UN CULTO PROVENIENTE DALL’ANTICA TESSALONICA

Come scriveva l’indimenticabile mons. Francesco Tarantini, il culto leccese per la martire Irene sembra provenire direttamente da Tessalonica e svilup­parsi durante la dominazione norman­na. Sin dal IV sec. infatti, l’odierna Salonicco era una tappa obbligata nei collegamenti tra l’Italia e la Terra Santa. Per di più si trovava in posizione equidistante tra lo scalo di Otranto e Costantinopoli. Non c’è dunque da stupirsi se già nel 1114 il vescovo Formoso Bene aveva fatto erigere una torre coronata del tutto simile a quella esistente, all’epoca, nella città greca e che la tradizione locale indicava come il luogo in cui la santa era stata rinchiusa dallo snatu­rato padre. Appena settant’anni dopo il conte di Lecce Tancredi (†1194) avrebbe espugnato proprio lo strategico centro macedone. Le due città si ritrovarono così gemellate anche sul piano politico. Con lo scorrere del tempo il capoluogo salentino elesse la coraggiosa ver­gine venuta dall’Oriente quale celeste patrona e fece della famosa torre il proprio emblema araldico. Un esempio di tale simbologia è visibile ancora oggi su un capitello della cripta della Cattedrale.
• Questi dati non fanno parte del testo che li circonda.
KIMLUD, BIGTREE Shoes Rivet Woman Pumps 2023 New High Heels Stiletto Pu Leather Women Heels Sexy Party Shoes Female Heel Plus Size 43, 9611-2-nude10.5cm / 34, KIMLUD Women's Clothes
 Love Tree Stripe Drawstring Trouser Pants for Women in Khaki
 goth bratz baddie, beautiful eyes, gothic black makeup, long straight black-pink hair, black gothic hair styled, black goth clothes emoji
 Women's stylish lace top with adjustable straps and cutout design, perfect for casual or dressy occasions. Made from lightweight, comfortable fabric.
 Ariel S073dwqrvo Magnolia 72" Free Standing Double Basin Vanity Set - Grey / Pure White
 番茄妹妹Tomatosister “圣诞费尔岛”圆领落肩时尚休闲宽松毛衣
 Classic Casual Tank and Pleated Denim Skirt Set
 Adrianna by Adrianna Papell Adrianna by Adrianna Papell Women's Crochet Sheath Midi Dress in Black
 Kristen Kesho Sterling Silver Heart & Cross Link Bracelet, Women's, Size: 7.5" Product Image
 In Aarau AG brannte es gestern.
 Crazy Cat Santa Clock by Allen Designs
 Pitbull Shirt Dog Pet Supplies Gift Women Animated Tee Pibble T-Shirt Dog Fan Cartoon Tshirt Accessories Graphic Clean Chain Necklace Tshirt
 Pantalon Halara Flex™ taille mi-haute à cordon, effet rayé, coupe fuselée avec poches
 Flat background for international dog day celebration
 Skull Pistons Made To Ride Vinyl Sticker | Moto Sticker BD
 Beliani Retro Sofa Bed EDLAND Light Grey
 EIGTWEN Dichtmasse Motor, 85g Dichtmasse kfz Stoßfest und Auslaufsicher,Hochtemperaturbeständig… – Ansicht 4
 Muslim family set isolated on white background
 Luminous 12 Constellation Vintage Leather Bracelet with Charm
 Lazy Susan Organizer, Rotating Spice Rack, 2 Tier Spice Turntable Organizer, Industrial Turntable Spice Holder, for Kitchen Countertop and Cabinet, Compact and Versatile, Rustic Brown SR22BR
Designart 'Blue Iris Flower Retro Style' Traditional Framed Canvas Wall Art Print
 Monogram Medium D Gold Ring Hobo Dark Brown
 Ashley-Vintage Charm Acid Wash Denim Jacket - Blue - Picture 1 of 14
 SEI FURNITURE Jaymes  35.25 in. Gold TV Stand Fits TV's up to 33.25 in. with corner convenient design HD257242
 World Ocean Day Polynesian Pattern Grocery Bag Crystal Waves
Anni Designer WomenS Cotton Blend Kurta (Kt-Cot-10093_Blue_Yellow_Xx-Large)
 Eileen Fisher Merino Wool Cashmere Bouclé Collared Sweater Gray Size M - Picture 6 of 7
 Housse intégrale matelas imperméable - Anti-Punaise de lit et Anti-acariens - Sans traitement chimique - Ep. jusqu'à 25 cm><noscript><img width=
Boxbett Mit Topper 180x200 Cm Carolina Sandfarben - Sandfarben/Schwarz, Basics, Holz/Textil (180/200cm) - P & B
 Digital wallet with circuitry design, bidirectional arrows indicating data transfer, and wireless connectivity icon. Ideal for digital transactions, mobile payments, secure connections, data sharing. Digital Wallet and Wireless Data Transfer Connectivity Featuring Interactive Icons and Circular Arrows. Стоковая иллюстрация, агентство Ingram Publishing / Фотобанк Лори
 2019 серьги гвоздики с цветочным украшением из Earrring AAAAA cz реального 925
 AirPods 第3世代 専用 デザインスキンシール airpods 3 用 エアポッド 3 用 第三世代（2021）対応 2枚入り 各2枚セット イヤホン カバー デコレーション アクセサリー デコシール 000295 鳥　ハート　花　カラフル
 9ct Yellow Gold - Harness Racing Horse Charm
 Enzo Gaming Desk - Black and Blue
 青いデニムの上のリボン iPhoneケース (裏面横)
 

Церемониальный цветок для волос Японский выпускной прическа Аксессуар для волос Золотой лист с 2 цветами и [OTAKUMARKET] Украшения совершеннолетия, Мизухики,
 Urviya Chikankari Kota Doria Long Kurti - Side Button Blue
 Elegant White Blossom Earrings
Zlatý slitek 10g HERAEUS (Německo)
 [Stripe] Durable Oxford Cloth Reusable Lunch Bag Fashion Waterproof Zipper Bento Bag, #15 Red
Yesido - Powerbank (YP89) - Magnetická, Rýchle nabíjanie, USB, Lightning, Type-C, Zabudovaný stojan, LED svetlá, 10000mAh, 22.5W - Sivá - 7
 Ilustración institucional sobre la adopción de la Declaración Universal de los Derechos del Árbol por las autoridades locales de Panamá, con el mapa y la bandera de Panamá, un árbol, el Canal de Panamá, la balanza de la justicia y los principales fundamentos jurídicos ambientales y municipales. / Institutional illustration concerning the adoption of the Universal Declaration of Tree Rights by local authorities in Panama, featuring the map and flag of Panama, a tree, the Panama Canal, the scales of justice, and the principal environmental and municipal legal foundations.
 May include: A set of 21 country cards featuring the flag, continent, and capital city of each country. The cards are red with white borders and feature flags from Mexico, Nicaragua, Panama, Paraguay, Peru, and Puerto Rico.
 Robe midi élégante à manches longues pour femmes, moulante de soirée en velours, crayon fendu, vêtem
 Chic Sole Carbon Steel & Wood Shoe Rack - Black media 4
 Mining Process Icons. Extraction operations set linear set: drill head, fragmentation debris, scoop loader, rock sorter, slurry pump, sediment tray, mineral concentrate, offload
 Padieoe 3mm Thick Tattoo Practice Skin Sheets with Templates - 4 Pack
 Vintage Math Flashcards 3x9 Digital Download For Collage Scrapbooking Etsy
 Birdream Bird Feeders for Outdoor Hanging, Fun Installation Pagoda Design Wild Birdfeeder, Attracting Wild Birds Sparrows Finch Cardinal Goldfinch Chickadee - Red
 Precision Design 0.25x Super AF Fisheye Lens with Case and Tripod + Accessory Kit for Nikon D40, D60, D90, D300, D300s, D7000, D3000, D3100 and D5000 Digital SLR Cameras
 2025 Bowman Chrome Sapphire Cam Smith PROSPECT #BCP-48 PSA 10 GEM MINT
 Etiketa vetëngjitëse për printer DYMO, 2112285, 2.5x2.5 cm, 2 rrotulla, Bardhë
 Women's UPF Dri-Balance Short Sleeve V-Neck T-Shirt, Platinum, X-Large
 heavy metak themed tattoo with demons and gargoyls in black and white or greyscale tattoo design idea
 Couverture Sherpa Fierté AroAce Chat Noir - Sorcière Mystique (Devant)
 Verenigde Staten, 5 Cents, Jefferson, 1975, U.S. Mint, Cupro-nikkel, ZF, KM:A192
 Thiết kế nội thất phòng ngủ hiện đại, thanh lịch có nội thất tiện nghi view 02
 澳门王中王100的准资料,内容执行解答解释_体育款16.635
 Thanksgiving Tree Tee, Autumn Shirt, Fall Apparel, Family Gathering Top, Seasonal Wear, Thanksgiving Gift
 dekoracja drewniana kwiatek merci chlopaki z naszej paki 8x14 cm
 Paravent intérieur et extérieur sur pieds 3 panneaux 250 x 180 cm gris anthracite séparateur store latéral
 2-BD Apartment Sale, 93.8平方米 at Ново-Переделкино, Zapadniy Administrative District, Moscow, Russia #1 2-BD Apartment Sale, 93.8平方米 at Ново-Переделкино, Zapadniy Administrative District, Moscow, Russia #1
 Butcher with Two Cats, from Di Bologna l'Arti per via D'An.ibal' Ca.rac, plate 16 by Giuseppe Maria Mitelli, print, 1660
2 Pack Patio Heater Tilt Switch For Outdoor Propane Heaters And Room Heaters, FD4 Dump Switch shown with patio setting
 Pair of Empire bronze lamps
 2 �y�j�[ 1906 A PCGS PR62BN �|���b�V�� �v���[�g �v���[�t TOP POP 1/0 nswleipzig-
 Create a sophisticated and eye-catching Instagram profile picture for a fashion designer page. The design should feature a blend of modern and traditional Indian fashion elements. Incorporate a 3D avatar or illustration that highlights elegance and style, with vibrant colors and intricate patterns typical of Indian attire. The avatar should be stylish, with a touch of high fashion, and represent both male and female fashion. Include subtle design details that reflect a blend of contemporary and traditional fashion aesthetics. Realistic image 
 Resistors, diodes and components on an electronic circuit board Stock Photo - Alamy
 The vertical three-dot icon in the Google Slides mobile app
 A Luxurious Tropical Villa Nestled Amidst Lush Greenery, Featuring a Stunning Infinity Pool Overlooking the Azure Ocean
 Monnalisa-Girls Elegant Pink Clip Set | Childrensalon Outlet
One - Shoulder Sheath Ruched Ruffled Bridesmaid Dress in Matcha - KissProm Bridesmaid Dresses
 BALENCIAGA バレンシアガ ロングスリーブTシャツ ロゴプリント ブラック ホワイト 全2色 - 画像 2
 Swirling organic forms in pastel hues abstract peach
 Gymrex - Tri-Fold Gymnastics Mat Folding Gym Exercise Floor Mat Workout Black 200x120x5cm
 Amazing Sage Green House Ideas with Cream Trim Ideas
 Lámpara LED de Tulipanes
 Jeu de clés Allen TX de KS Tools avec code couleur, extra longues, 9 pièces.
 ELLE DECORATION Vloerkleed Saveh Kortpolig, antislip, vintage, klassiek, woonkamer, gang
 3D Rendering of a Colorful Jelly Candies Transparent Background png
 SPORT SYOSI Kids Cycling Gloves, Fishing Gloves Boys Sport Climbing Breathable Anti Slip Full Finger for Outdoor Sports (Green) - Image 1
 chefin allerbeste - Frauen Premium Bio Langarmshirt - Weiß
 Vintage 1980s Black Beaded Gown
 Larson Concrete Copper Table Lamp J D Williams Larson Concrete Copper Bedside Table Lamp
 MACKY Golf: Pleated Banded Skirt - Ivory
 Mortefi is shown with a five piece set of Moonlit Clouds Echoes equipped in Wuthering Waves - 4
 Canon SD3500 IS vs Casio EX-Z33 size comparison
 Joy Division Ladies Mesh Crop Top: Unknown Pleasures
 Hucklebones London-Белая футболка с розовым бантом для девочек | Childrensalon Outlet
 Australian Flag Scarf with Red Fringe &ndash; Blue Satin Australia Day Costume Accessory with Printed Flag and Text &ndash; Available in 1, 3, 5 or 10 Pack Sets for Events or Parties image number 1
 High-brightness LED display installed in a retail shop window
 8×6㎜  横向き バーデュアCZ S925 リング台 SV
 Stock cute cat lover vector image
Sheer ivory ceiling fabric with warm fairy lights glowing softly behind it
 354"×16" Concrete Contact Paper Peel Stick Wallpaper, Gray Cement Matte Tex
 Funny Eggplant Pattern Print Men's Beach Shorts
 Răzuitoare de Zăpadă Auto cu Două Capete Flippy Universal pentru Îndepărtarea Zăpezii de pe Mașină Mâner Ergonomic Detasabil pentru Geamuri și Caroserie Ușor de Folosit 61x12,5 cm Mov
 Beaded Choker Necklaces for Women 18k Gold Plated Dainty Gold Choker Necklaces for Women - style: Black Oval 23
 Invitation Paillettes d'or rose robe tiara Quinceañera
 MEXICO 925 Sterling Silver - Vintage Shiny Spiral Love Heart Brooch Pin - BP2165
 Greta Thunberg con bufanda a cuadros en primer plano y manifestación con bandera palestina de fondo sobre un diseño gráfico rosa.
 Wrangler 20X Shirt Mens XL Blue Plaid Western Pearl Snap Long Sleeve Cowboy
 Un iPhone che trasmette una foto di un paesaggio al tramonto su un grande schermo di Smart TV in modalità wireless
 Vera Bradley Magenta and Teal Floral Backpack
Inoltre anche per Irene si verificò quel processo di contaminazione agiografica che contraddistinse lo sviluppo della devozione popolare di molti altri santi. La sua figura iniziò dunque ad avere dei tratti comuni alla più nota martire Barbara e finì per essere invocata per scongiurare il pericolo dei fulmini.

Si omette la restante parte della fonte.